(Beginning of PROVIDED RECORDS)

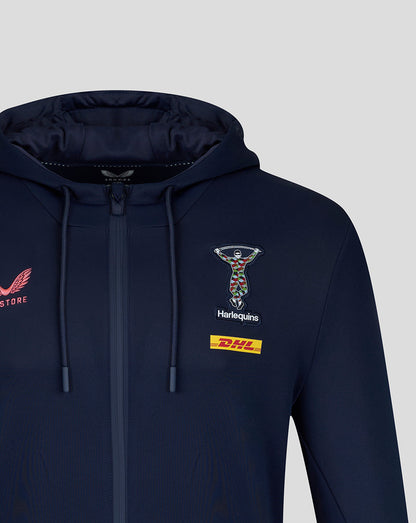 Harlequins Men's 2026/27 Travel Full Zip Hoodie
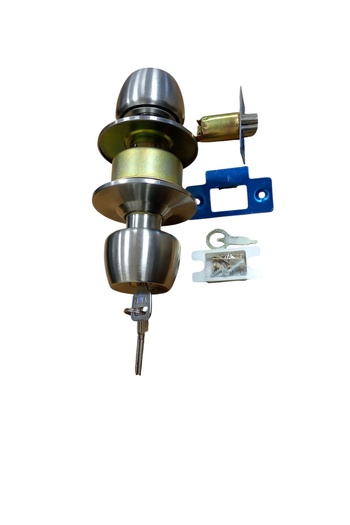 YMK Matte Chrome Knob Hotel Type - American Entrance Lock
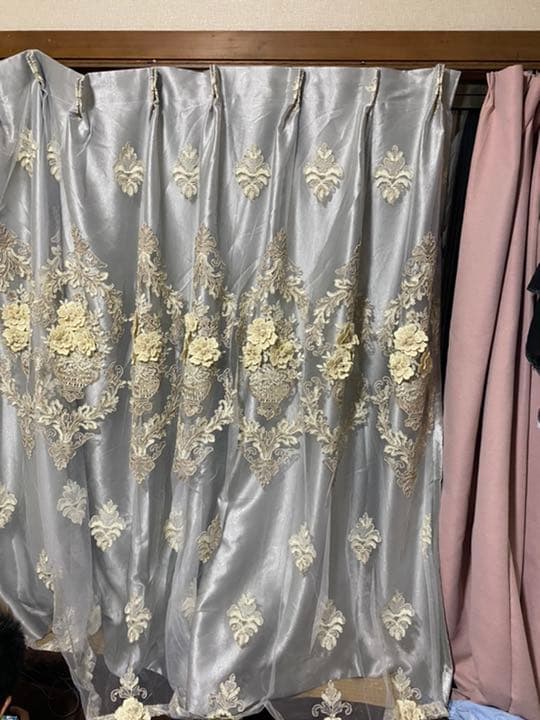 カーテン　高級カーテン　二層一体カーテン　レースカーテン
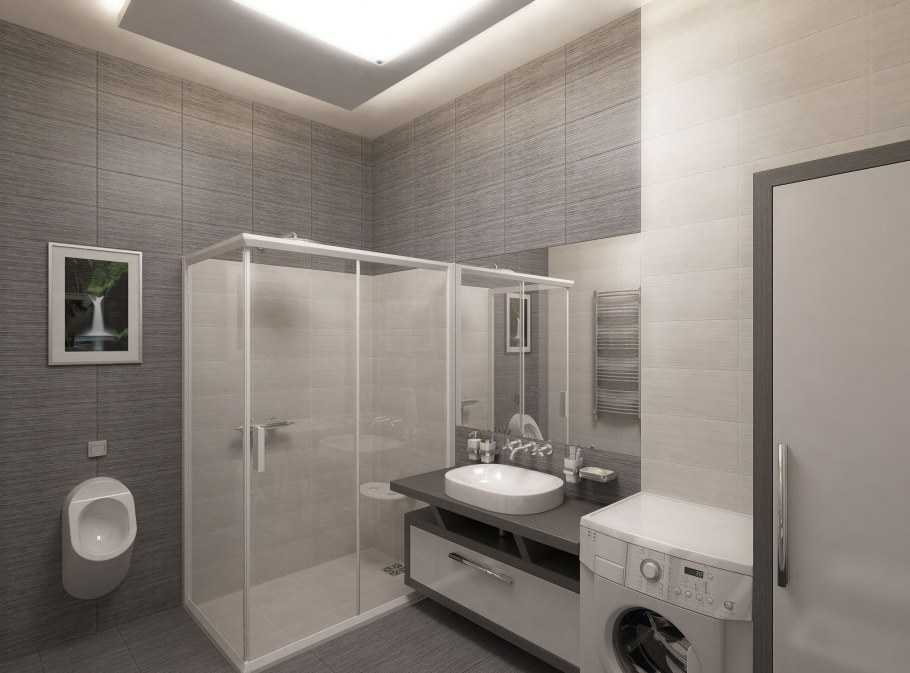 Небольшая душевая комната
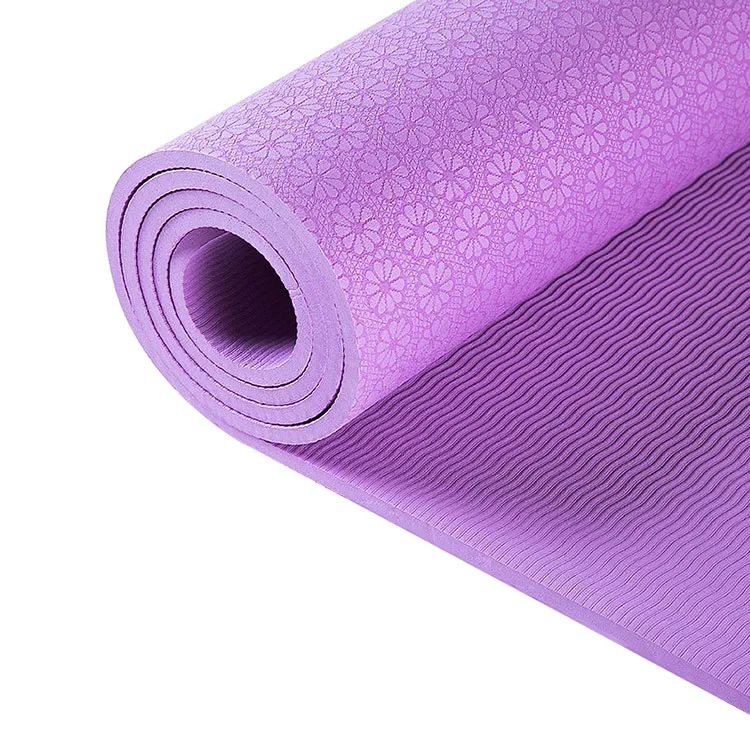 High Quality Double 122cm Big Size Pilates Exercise Fitness Eco Friendly Non Slip TPE Yoga Mat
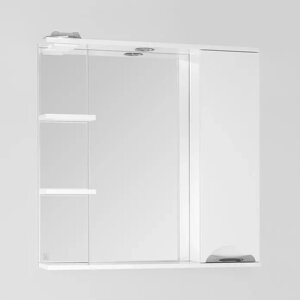 Зеркало-шкаф Style Line Жасмин 80/С белый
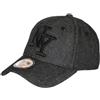 Hip Hop Honour Berretto NY Nero Denim Jeans Classe Baseball Boston - Taglia: Taglia Unica - Colore: Nero - Misto, Nero , taglia unica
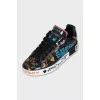 Patent leather Portofino sneakers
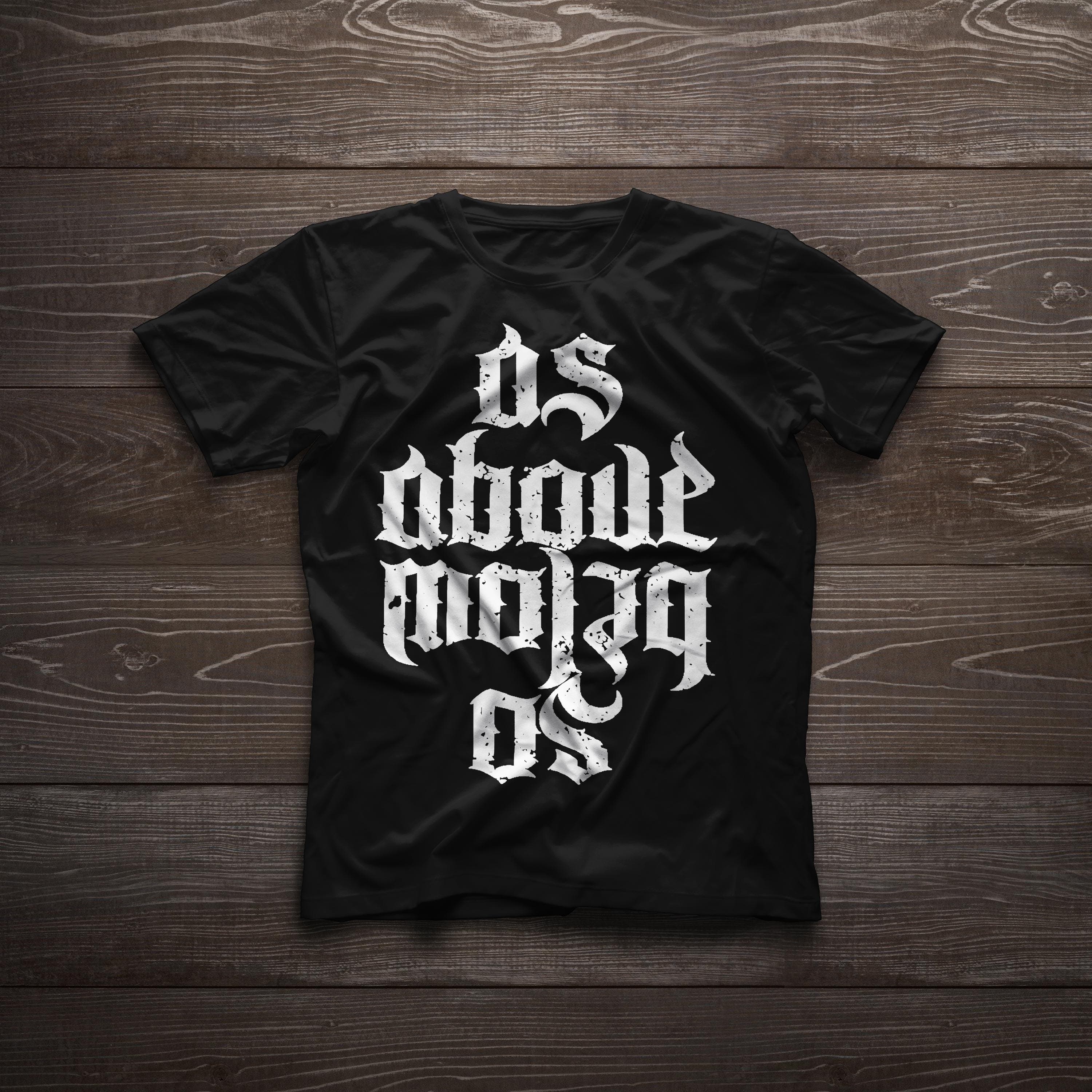 As Above So Below Occult Pagan Gothic Alternative Alchemy Unisex t-shirt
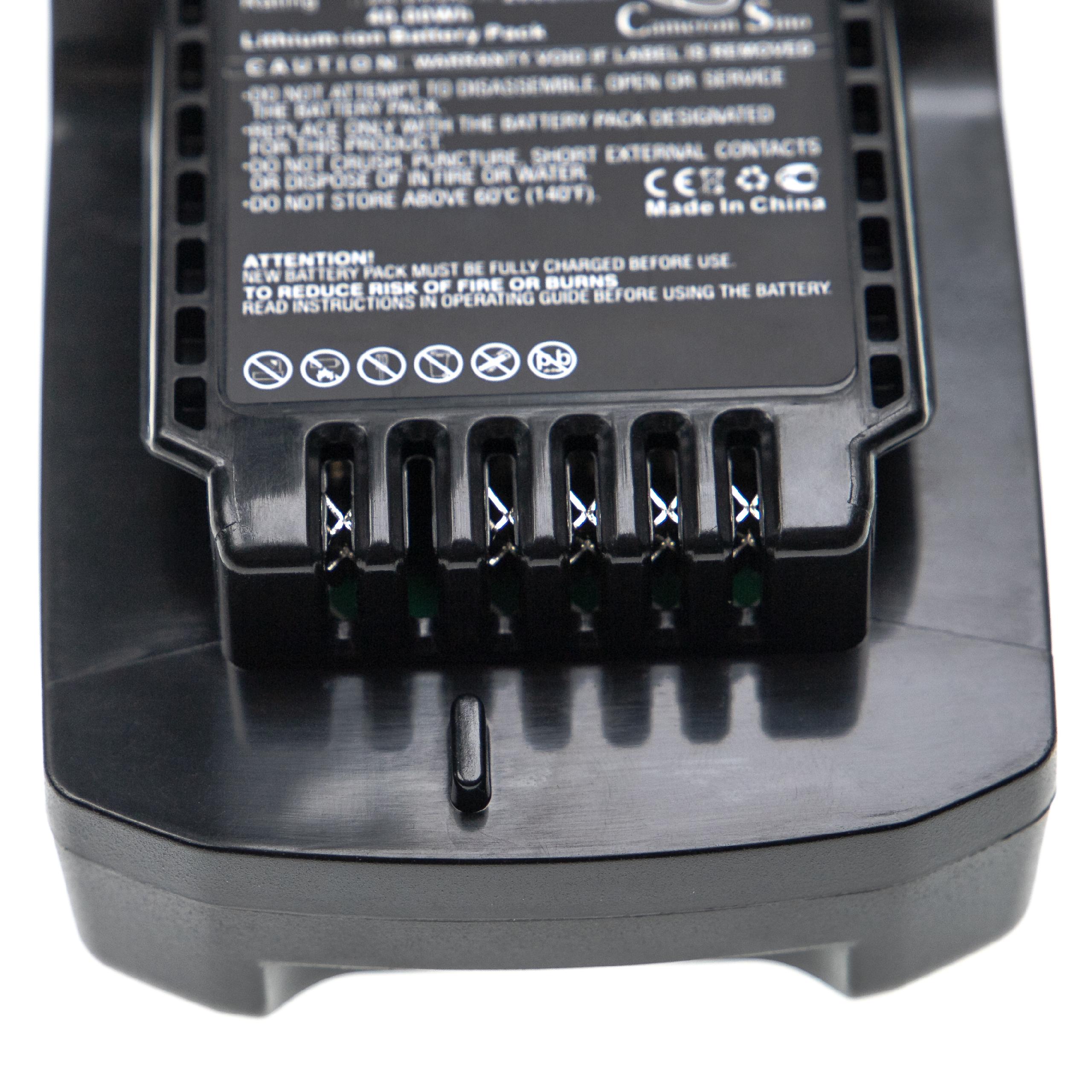 Batterie remplace Ingersoll Rand BL2022, BL2012, BL2010 pour outil électrique - 2000 mAh, 20 V, Li-ion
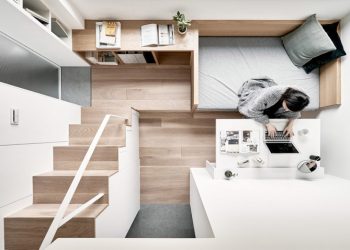 Căn hộ siêu nhỏ tiện nghi 17,6 m2 cho những chuyến đi về của người trẻ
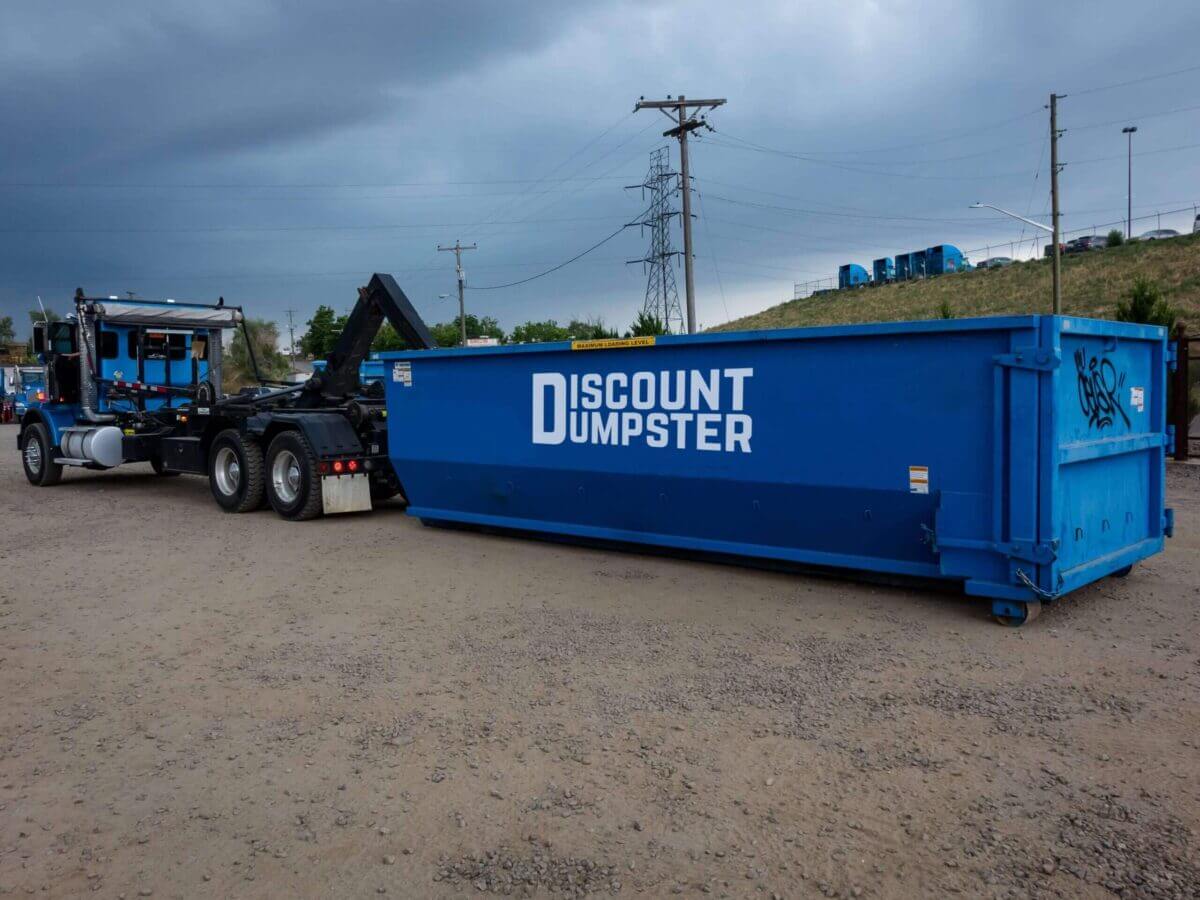 discount dumpster atlanta rental ready to be picked up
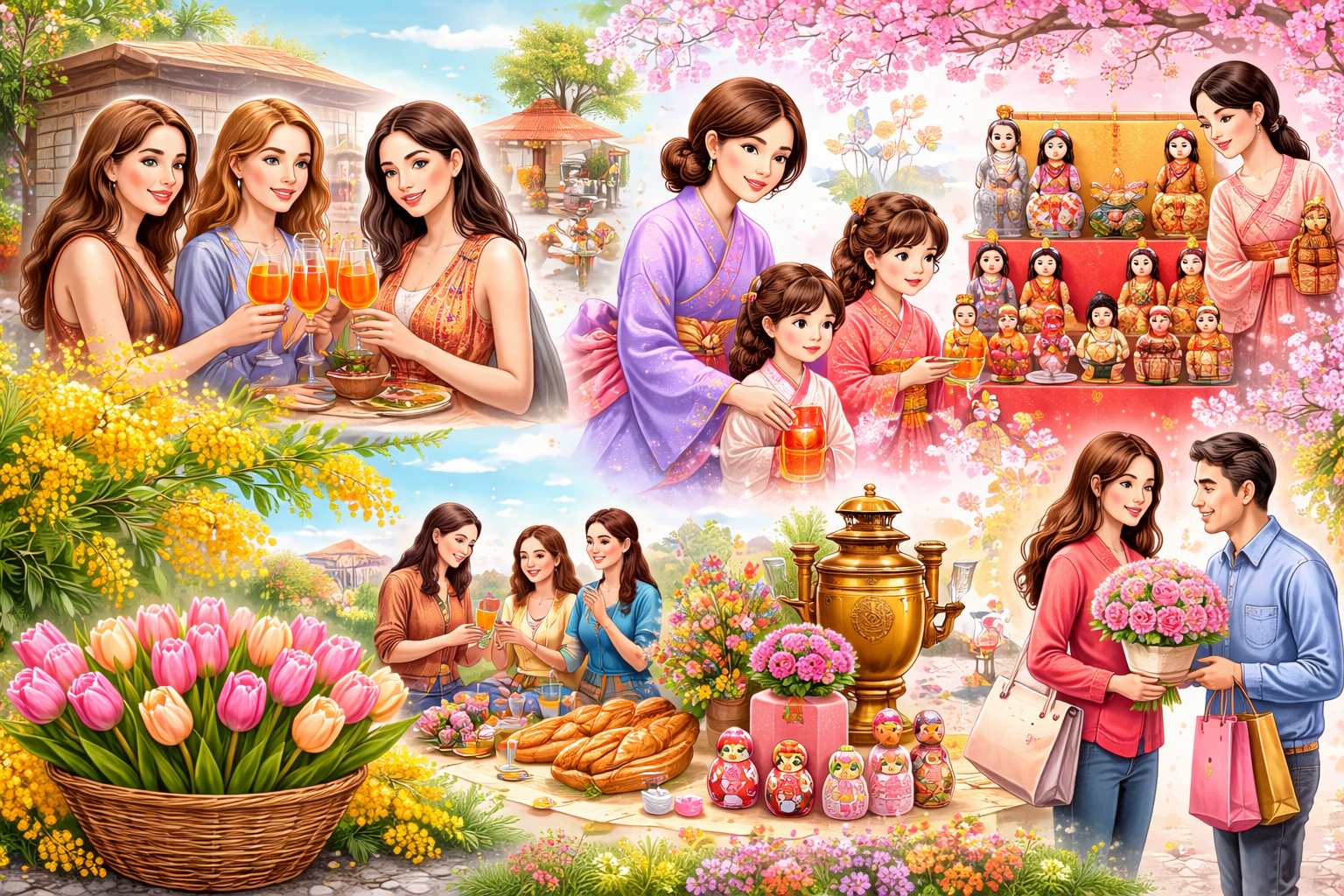 Как отмечают 8 марта в разных странах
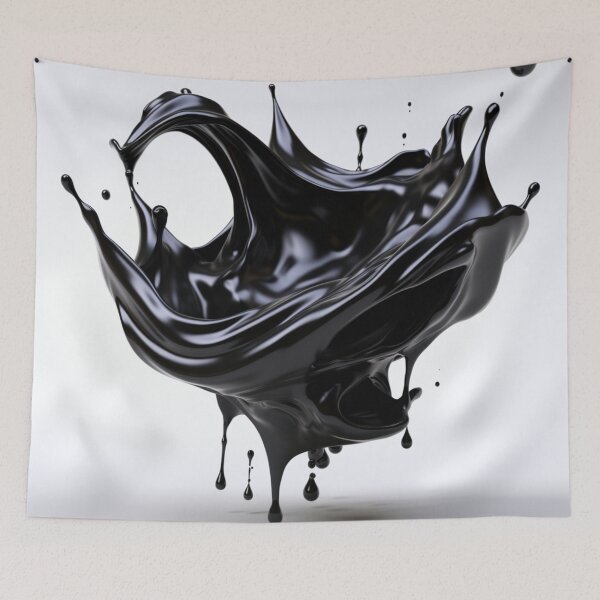 Item preview, Black splash blob designed and sold by Hollanding.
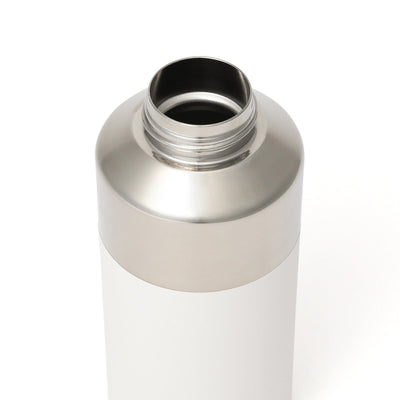 Layered Stainless Bottle 420Ml  White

(End of PROVIDED RECORDS)

» TO DO
Starting at the line that contains "Patent leather Portofino sneakers", write out every line through the end of the entries above exactly, and omit the pictures.

» COMPLETED TASK
 Patent leather Portofino sneakers
 As Above So Below Occult Pagan Gothic Alternative Alchemy Unisex t-shirt
 Batterie remplace Ingersoll Rand BL2022, BL2012, BL2010 pour outil électrique - 2000 mAh, 20 V, Li-ion
 Căn hộ siêu nhỏ tiện nghi 17,6 m2 cho những chuyến đi về của người trẻ
 discount dumpster atlanta rental ready to be picked up
 Как отмечают 8 марта в разных странах
 Item preview, Black splash blob designed and sold by Hollanding.
 Layered Stainless Bottle 420Ml  White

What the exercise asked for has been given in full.